With the frenzied activity in the kitchen we hadn’t noticed that lunch service had ended, the last plats had gone out. The staff — all of them: cooks, chefs, commis, trainees — had started applying that same level of intensity to cleaning the entire kitchen and within minutes — three? five? — everything was spotless. The floors flooded and squeegeed, cutlery neatly stowed, plates stacked, the extended stovetop and prepping area not only shining but completely empty of the chaos of pots, pans, sauces and spills that was there only a few minutes earlier. There’d be no hesitation in eating off the counter, or the floor for that matter. That’s how clean it was.
We grabbed bags, lenses, and coats and hurried after Chef as he gestured us into the next room, the pastry kitchen, where the last of the desserts and coffees were being prepared.
There was time to watch two young women trainees — both with “Ferrandi" stitched onto their chef’s coats — put together a couple of desserts for lingering diners. Poêlée de cerises noires aux épices, fine arlette was beautiful fresh cherries, spiced and served with arlette, a thin, crunchy, cinnamon-flavored pastry. Abricot aux parfums citron-basilic, comme un vacherin, freshly sliced apricots served on little meringue bowls filled with vacherin cheese and a quenelle of ice cream on top. The dish wasn’t complete until perfect little dots of apricot purée formed a rectangle around the assemblage.
“Ferrandi” referred to École Grégoire-Ferrandi, a professional training school located in the 6th Arrondissement of Paris. In addition to teaching design and restaurant management, the school also has a large culinary training school, École Supérieure de Cuisine Française, that some of the chefs we’d met cited as the best in France. Part of the program is apprenticing in a work environment; the luckiest students get into Michelin restaurants and the chefs are glad to have them.
Before the Ferrandi desserts go out the server wiped the plates around the edges with a small sponge soaked in a light vinegar solution. Even the espresso received a wipe down before delivery. The server cleaned the interior of the cup to get rid of any smudges or drops that might naturally occur. It was a metaphor for this place — the forty-six-foot-high waterfall outside is nature tamed, and the delicate touches inside the restaurant corrected for any natural imperfections in the food. Nature is tamed. Culture floats to the top.

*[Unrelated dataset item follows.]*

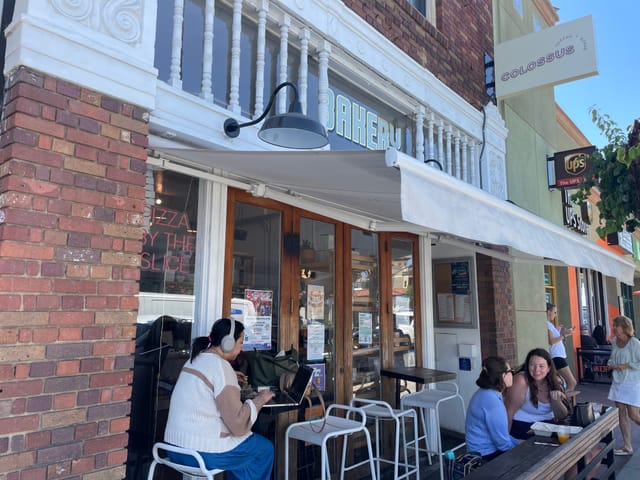 People sitting on white chairs outside a small shop with the word "bakery" printed above the front door.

Pastry Chef Nielsen was from Belgium. He stepped to the work counter to reveal the secret of the construction (and we’re using that term on purpose) of The Bomb, La Grand Cascade’s surprising signature dessert. Perfect red spheres, the size of softballs, are made of white chocolate, shaped into hemispheres on half-round stainless-steel forms. Once they are set, the open sides of the hemispheres are rubbed on a plate of liquid sugar to form perfect edges and to make them sticky. Chef Nielsen demonstrated how he joined two halves together, perfectly and exactly, holding them in place for thirty seconds until the adhesive set. Then, with the slightest of flourishes, he displayed a shiny red sphere. An empty sphere.
How, we couldn’t stop from asking, do you get the goodies inside? With the smallest of nods Chef Nielsen placed the ball on a plastic cup, to keep it in place. Lighting another kitchen torch he heated up a small round cutter, using it to make a neat hole in the top of the ball; twisting ever so slightly, with the gentlest of pressure, letting the heat do the work. Into the hole he spooned fresh strawberries, strawberry compote, cream and strawberry sorbet, sealed the hole with a wafer, and then turned the ball over so the plugged hole was on the bottom.
The fillings of La Bombe change with the season. At the time, we were in strawberry season, but La Bombe can be made with anything: apricots, peaches, cherries. The only rule is that everything must match: apricot means a yellow ball, apricot ice cream, and so on.
“Alors,” Chef Robert said with a clap of his hands. “Alllons-y.” He grabbed an espresso from the server and strode across the kitchen. We grabbed our things and hurriedly followed.
“I’ve always worked in Michelin-star restaurants. I don’t like simple cooking.”
Chef Frédéric Robert balanced his espresso as he unlocked the door. We’d followed him out of the kitchen and up a set of stairs to the back of the building, passing a jumble of dining chairs in need of repair; past banquet tables and highchairs; past the photocopying machine, to his office. We could smell the residual smoke from the recent fire.
We stepped inside his small office with piles of papers on a desk, halogen lamps forming pools of bright light. Above the desk, lining the wall, was a series of photos held up with push pins and tape.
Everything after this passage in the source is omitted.